From Uluwatu, it was truly hard to tear myself away, I headed to Canngu. I had heard it was more a party town and wasn't sure what to expect. Canngu is LA. There is a rip in the time/space continuum and LA exists in California and Bali. Honestly, LA and Canngu are the same place. It is packed with surf/skate shops and wellness stores up the wazzu. I was in heaven with all the wellness goodies available, although I chose to spend my money on all the gorgeous sarongs Bali has to offer. The vegan/health food available was phenomenal and there was so much to choose from, it was overwhelming-- just like LA! The beaches were okay but, had nothing on Uluwatu. Even the beach in Canngu reminded of me LA. I was only in Canngu for a couple days so, I mostly did a smoothie bowl taste test at as many restaurants I could, wandered around health stores and read on the beach.
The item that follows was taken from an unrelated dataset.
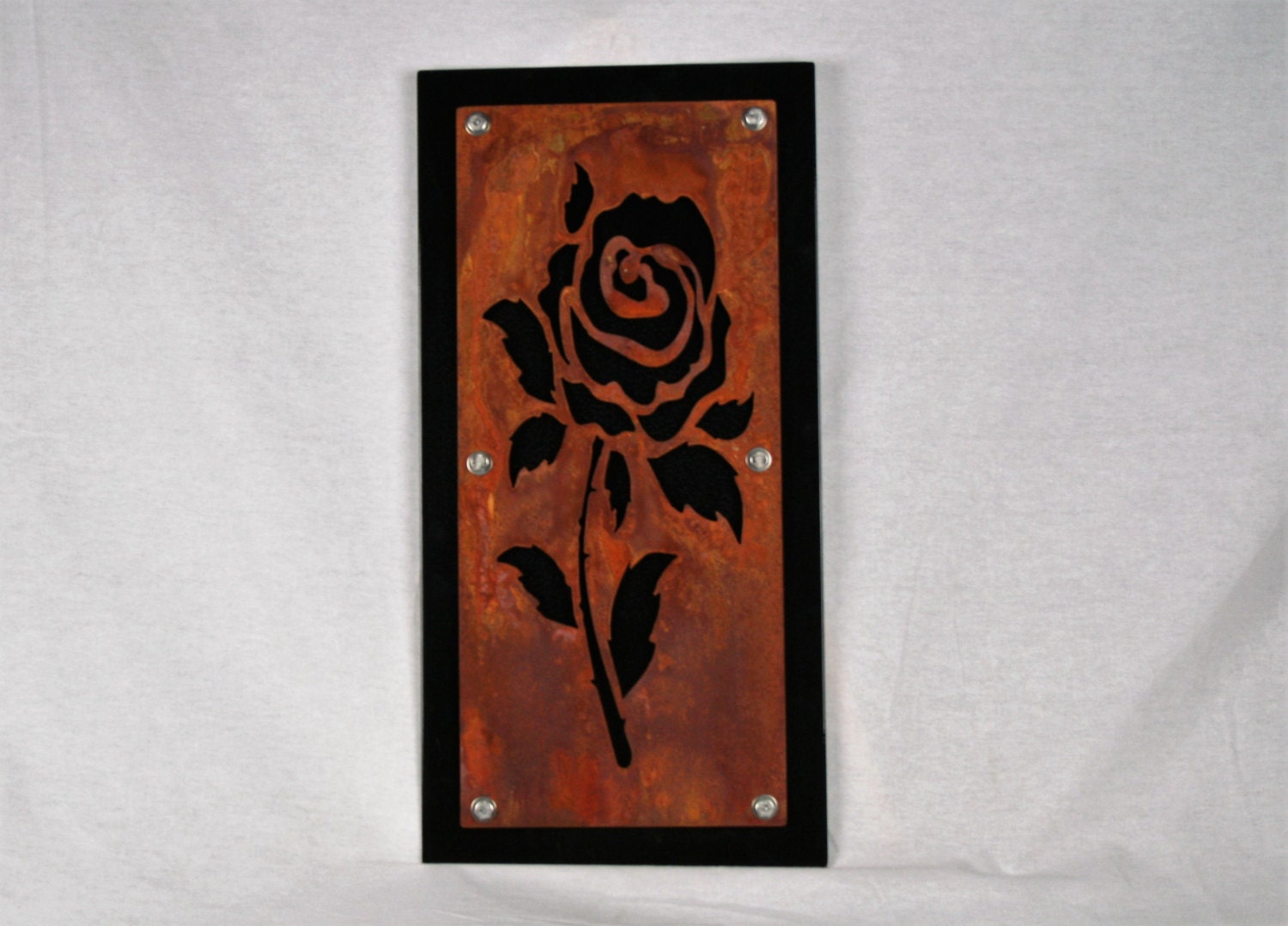 Black and Rustic Rose Layered Metal Sign, modern rose decor, SHIPS FREE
My friend, Elizabeth, came down from Ubud and we attended the restaurant opening of another woman we met off Lacy's FB. Lacy's Fb is there place to be! Fiona's restaurant's, Parachute, was absolutely breath taking. It's nestled in the few rice fields left in Canngu and had incredible food. It was a fancy treat to be able to attend and to attend with friends! It made Bali feel like home already.
I was only in Canngu for a couple days because I had decided, spur of the moment, to fly to Australia and surprise Guy! I bought a one way ticket and would stay for as long as I could afford (it wouldn't be long as my money was LOW). I was bummed to leave Bali but, I knew then (and know now), I'll be back for a much longer stay in the near future.